Are You Twittering—Again—About How Awful I Am?

Blog cartoon 6-3-09

[Cartoon courtesy of Grantland Cartoons]

It used to be that the ladies room was the prime stage for the office's gossip grapevine. And, if not the ladies room, then the kitchen or the office parking lot. These days, the ladies room is everywhere, not in terms of public sanitation (hopefully), but in terms of stages for gossip. Thanks to social networking, the places where your employees can speak ill of you have multiplied. Did you see that picture Sally posted of you on Facebook from last year's holiday party?  Or the intoxicated photos Fred snapped for his MySpace page of your CEO from that last leadership retreat?

From unflattering pictures of executives to detrimental blog entries about the evil that this employee interprets your company to be, social networking is the prime tool of public relations these days, so you should come up with a strategy for managing, or at least coping, with its company-related use by employees.

First, is it OK for your workers to use social networking tools while on the job as long as it doesn't affect their productivity, or the quality of what they produce for your customers?  If you've shied away from allowing this, think again. For Generation Y'ers, tools like Facebook represent an important way to find new information and connect with other people, including those who may be beneficial to your company. As most of you hopefully know by now, it's common for people to have more than just "friends" as Facebook contacts. Most employees have received "friend requests" from business acquaintances, and even among those who are personal friends the employee socializes with, there could be new recruits for your company, fonts of knowledge of other industries, and potential facilitators of new business partnerships. If the price of gaining these benefits is an hour spent taking quizzes on what kind of dog the employee was in a past life, no big deal, right? 
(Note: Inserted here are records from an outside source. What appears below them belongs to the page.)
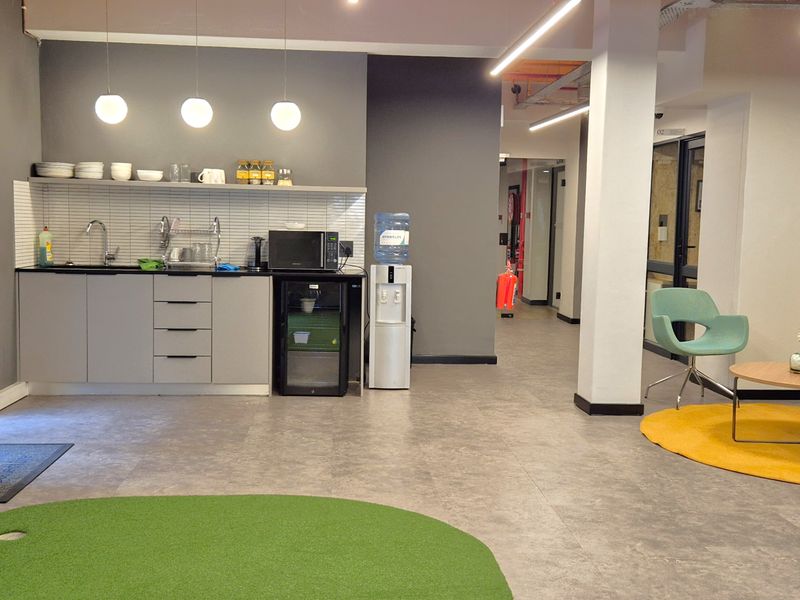 Modern office break area featuring a functional kitchenette with built-in cabinetry, sink, and contemporary lighting, complemented by open-plan seating space.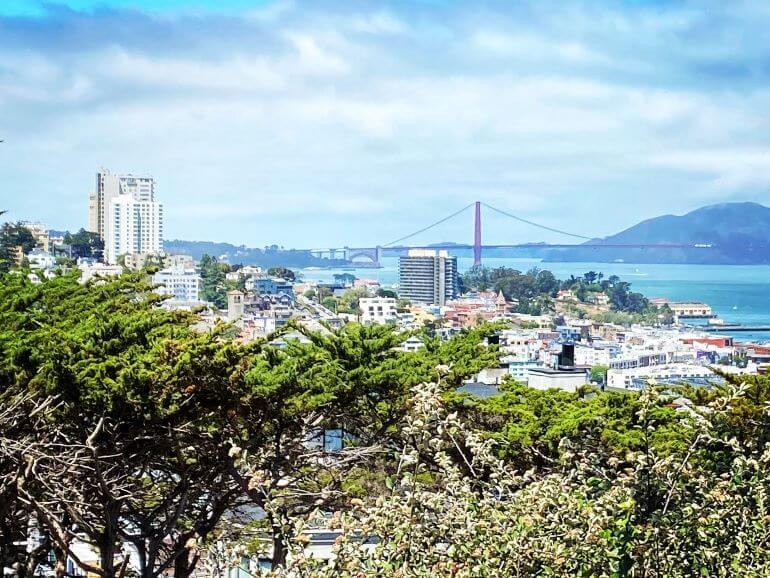View of Golden Gate Bridge beyond the rooftops of San Francisco seen from the base of Coit Tower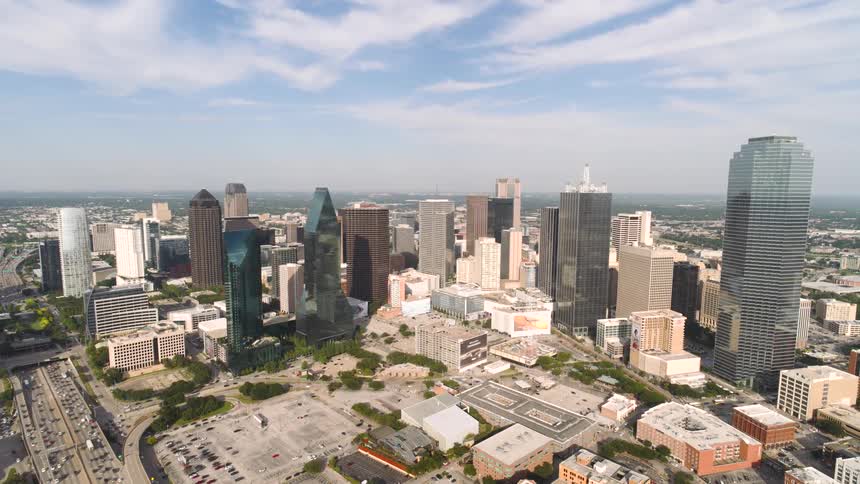 The freeway by the tall buildings is packed with cars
The best part is in exchange for this open-minded, dare I say, hip, attitude towards their preferred medium of communication you may find a greater chance they'll use the platforms for the benefit rather than the detriment of your company. You've shown good will towards them, and are treating them with respect and trust, so why wouldn't they use Facebook to look up helpful business contacts, and see if their friend Mary knows anyone at IBM, rather than post pictures of you and your managers in a seemingly disoriented state. Granted, the ease with which young people use these new tools to the benefit of their work (in addition to their Friday night agenda) may, indeed, leave you feeling disoriented, but nobody has to know that.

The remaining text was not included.